Let me recall that a stratified pseudomanifold $X$ is a filtered topological space $$X_0\subset\ldots \subset X_n$$ such that each stratum, i.e. a connected component of $X_i-X_{i-1}$ is a manifold of dimension $i$ and such that $X_{n-1}=X_{n-2}$ and such that the regular part $X_n-X_{n-2}$ is dense in $X$. Together with a local condition: the existence of conical charts.

Thus $V(\mathbb{C})$ comes equipped with such a geometric structure. In the setting of stratified pseudomanifold one has a notion of normal pseudomanifold and normalization is a fundamental concept in intersection homology. A pseudomanifold $X$ of dimension $n$ is said to be normal if for every point $x\in X$ the local homology group $H_n(X,X-x,\mathbb{Z})$ is isomorphic to $\mathbb{Z}$. Notice that a homological manifold is normal.

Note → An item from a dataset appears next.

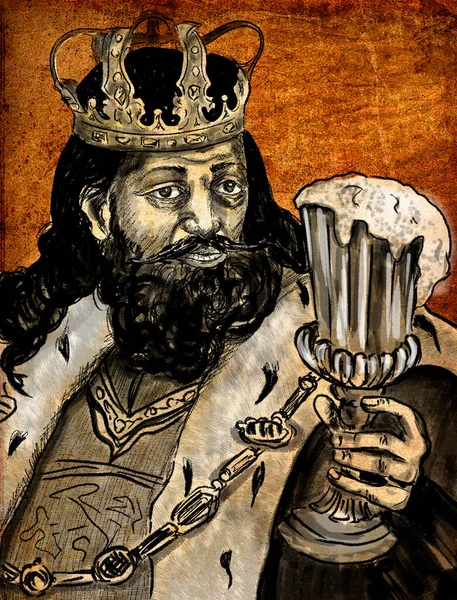 Traunstein Gambrinus Legendární Král Považovaný Vynálezce Vaření Piva — Stock fotografie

Using Zariski’s Main Theorem, one can prove that a normal complex algebraic variety is a normal pseudomanifold.

If you consider a triangulation $T$ of $X$ ($dim(X)=n$) then you can also prove that $X$ is normal if and only if the link of eack simplex in the $n-2$-skeleton of $T$ is connected. This is proved in Goresky, MacPherson "Intersection Homology theory" (Topology Vol. 19 (1980)). In this paper the authors also explains how to build normalization topologically and how topological normalization satisfies a universal property. In the case of $V(\mathbb{C})$ its topological normalization in the sense of Goresky-MacPherson is homeomorphic to $V'(\mathbb{C})$ where $V'$ is the algebraic normalization of $V$.

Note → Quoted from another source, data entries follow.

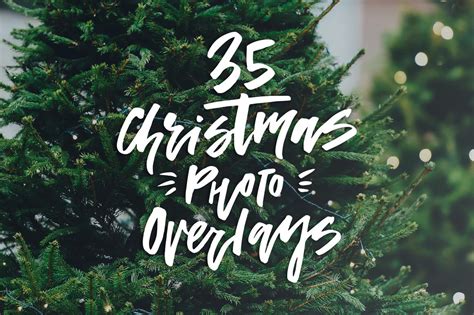 35 Christmas Photo Overlays | Illustrations ~ Creative Market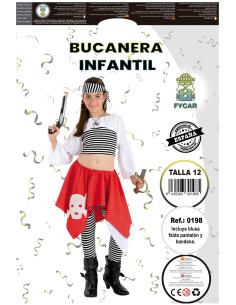 Disfraz pirata niña 2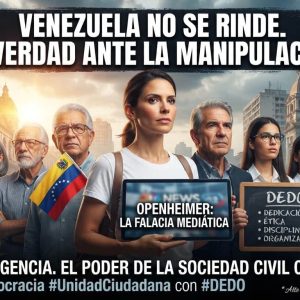 Ricardo Ojeda Salazar | Posición Ciudadana Ante la Distorsión Mediática: La Verdad sobre Venezuela y el Rol de la Sociedad Civil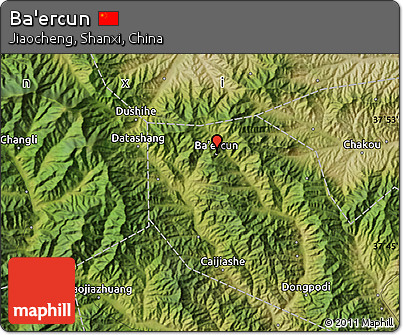 Satellite Map of Ba'ercun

Thus topologically normality corresponds to the connectivity of the links, the link of a point in an $n$-dimensional manifold being a $n-1$ sphere we see that topological normalization is the very first step to desingularization of stratified pseudomanifolds.

Here are two examples:

1) The pinched torus is not normal. It is a complex projective curve $C$ of equation $x^3+y^3=xyz$ in homogeneous coordinates $[x:y:z]$. It has a unique singular point $[0:0:1]$ and the link of this point $p$ is homeomorphic to two circles (we have $H_2(C,C-p;\mathbb{Z})\cong \mathbb{Z}\oplus \mathbb{Z}$).

2) The quadric cone is normal. It is an algebraic surface $S$ of equation $x^2+y^2+z^2=0$ in $\mathbb{P}^3(\mathbb{C})$ in homogeneous coordinates $[x:y:z:w]$ it has a unique singular point $[0:0:0:1]$. We notice that this space is homeomorphic to the Thom space of the tangent bundle of the $2$-sphere $S^2$. This remark gives a homeomorphism between the link of the singular point and the unit sphere bundle of the tangent bundle of $S^2$ which is connected (we get that $S$ is topologically normal).

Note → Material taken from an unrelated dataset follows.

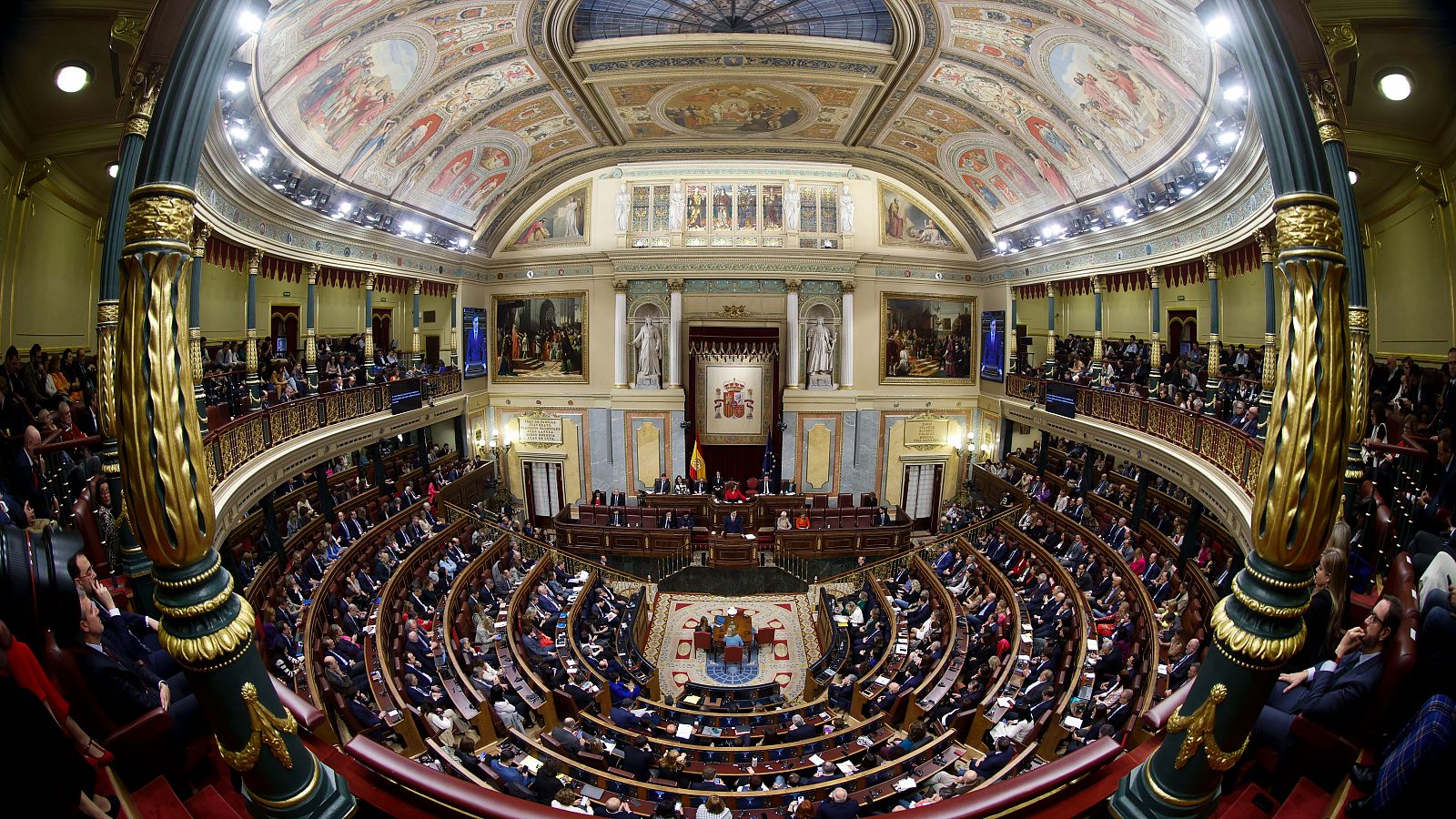 Vista del hemiciclo del Congreso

Historicaly these two examples were important for our understanding of the failure of Poincaré duality for singular spaces, they appear in Zeeman's thesis:

E. C. Zeeman, "Dihomology III. A generalization of the Poincaré duality for manifolds", Proc. London Math. Soc. (3), 13 (1963), 155-183.

and also in McCrory's thesis:

C. McCrory, "Poincaré duality in spaces with singularities", Ph.D. thesis (Brandeis University, 1972)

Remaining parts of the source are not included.